Es handelt sich nämlich um Fischsperma, das in Europa und den USA bei mehr Menschen Ekel erregt als sein weibliches Gegenstück: die als Kaviar bekannten Fischeier. Während man für den Kaviar die Eier des Störs nimmt, stammt das Sperma für den Stopfleberersatz vom Thunfisch. Auf den Philippinen wird es angeblich schon immer gegessen. Selbiges gilt für die Samenflüssigkeit der Makrele, die auf der Madrid Fusion Manila von Bruce Ricketts zubereitet wurde. Auch im benachbarten Japan ist Fischsperma der Küche nicht fremd: Dort kennt man Sperma und Spermasack unter dem Namen Shirako.

Shirako-Sushi. Foto: Arashiyama. Lizenz: CC BY-SA 3.0

Allerdings sind Nahrungstabus beim Menschen nicht "festverdrahtet", sondern kulturabhängig: Engländer und Amerikaner schaudert vor Pferdefleisch. Moslems mögen Schweinefleisch oft auch dann nicht, wenn sie nicht religiös sind. Für viele Inder gilt eine entsprechende Zurückhaltung für Rind- und für die meisten Europäer für Hundefleisch und Insekten. Viele Ostasiaten schaudern dagegen, wenn sie europäischen Schimmelkäse vorgesetzt bekommen. Der Genuss von anderen Milchprodukten wie beispielsweise Eiskrem hat sich dagegen in den letzten Jahrzehnten auch dort weit verbreitet.

Manche Lebensmittel kommen nur bei relativ kleinen Gruppen gut an: Das gilt zum Beispiel für den Surströmming, einen in schwacher Salzlake eingelegten teilvergärten Hering, der in Schweden gegessen wird.
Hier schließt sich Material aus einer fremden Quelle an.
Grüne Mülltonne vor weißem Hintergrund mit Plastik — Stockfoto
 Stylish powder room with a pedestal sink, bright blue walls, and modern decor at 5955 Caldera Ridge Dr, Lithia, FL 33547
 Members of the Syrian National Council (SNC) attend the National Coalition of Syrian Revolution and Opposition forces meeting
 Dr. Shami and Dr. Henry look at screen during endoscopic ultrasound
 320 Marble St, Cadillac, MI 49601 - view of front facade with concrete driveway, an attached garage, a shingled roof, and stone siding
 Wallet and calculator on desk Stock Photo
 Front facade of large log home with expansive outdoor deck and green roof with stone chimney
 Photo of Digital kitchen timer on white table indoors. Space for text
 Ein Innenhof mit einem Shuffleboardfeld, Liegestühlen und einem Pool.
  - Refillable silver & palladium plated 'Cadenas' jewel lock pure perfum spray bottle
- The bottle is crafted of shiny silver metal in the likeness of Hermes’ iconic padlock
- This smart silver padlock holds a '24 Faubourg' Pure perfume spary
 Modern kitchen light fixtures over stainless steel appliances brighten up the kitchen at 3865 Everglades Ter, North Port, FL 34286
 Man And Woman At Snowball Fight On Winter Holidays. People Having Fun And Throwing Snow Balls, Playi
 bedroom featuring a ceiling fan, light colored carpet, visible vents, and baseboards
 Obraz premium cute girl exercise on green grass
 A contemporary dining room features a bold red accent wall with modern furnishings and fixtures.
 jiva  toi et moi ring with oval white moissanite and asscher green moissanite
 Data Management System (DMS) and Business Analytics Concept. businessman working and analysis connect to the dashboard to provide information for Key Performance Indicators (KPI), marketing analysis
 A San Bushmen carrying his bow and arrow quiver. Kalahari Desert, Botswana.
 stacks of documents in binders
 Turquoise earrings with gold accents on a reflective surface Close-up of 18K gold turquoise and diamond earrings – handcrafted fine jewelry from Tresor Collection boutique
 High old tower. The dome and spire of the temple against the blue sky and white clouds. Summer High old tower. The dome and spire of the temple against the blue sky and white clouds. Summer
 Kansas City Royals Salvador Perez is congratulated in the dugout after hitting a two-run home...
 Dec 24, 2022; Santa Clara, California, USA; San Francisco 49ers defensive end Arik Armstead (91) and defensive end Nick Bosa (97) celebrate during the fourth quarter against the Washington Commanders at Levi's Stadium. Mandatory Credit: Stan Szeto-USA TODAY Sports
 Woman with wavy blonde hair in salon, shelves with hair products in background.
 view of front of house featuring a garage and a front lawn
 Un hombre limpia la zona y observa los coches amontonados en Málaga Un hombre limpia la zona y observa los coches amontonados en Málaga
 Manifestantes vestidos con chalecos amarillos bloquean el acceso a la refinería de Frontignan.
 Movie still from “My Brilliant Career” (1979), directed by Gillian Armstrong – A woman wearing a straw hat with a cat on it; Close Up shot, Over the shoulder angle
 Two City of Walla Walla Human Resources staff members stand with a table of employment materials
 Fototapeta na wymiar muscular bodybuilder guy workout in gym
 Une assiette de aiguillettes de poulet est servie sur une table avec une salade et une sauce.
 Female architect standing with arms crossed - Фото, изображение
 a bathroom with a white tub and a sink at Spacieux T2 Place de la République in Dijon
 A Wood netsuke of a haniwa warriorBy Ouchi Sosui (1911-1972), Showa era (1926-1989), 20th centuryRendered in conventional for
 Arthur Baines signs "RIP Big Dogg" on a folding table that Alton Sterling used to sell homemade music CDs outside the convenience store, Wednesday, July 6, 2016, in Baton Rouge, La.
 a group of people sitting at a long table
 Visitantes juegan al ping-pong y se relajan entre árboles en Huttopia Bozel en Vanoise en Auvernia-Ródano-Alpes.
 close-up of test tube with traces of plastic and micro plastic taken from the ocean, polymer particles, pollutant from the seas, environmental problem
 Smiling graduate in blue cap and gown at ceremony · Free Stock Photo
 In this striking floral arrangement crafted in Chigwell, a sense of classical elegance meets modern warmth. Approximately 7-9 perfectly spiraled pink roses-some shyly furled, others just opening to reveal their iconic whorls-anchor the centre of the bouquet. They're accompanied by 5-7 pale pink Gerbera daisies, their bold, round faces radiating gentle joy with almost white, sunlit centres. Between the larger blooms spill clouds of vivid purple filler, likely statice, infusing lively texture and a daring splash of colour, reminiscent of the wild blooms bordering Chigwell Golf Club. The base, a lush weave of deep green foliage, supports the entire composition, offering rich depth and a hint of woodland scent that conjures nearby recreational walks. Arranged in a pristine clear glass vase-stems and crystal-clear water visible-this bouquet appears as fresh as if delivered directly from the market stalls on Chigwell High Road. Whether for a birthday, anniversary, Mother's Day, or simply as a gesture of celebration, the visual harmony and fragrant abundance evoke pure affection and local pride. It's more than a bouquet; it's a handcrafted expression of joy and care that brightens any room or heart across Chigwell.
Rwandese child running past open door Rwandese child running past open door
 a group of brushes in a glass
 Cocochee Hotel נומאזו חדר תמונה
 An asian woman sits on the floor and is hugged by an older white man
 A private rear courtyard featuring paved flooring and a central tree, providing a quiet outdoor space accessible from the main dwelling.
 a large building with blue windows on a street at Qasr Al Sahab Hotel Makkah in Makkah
Wegen des Geruchs, den das Fischgericht verströmt, wurde einer Mieterin in Deutschland 1981 fristlos gekündigt. Das Landgericht Köln begründete die Rechtmäßigkeit dieser Kündigung später wie folgt:

Daß der üble Geruch der Fischpökelbrühe das für die Mitbewohner des Hauses zumutbare Maß bei weitem übersteigt, davon hat sich die Kammer selbst überzeugt, als die Beklagten im Termin eine Büchse im Sitzungssaal öffneten.

(Urteil vom 12. Januar 1984, Az. 1 S 171/83)

Nahrungsmitteltabus können aber nicht nur verschwinden, sondern auch neu entstehen: Innereien werden heute beispielsweise in Europa vor allem in Form von Wurst gegessen, weil sie in weniger verarbeiteter Form immer weniger Käufer finden. Außerdem gibt es Subkulturen wie die Veganer, die neue Speisetabus teilweise so verinnerlicht haben, dass ihnen vor Fleisch und Milchprodukten graust, wo es andere vor veganem Leberkäs ekelt.